Mereka menilai kebijakan peningkatan batas pengenaan PTKP bakal berdampak langsung terhadap kemampuan cicilan masyarakat berpenghasilan rendah untuk mewujudkan rumah impian. Jadi, selintas tidak alasan bagi pemerintah maupun DPR untuk tidak segera mewujudkan kebijakan tersebut. Selain meningkatkan daya beli masyarakat bawah, juga mengurangi beban kalangan pengusaha yang harus menanggung PPh karyawan.
Direktorat Jenderal Pajak tentu saja yang kena getahnya karena harus menutupi potensi pajak yang tak tertagih tersebut. Tetapi, tidak perlu khawatir sebab selama lima tahun terakhir ini seiring pertumbuhan ekonomi telah muncul kelas menengah baru yang diperkirakan bertambah 9 juta orang per tahun.
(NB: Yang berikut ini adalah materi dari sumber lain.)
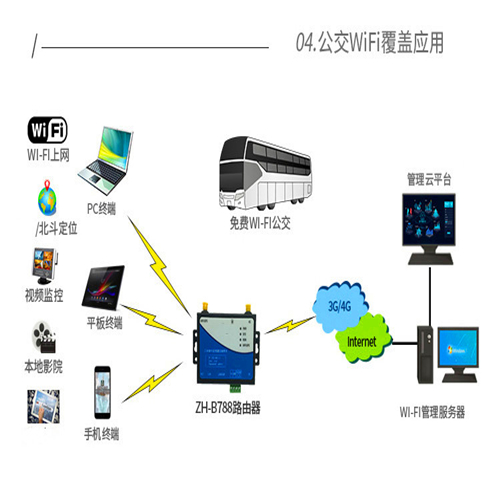 RJ45网口工业级4g无线路由器转有线转wifi企业级串口 5模13频+有线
Berdasarkan versi Bank Dunia, sebanyak 56,5 persen dari total populasi Indonesia masuk kategori kelas menengah. Salah satu indikatornya, kelas menengah itu mengeluarkan uang belanja sebesar USD2 hingga USD20 per hari. Nah, masyarakat kelas menengah baru inilah yang harus menjadi fokus garapan para petugas pajak.(azh)
()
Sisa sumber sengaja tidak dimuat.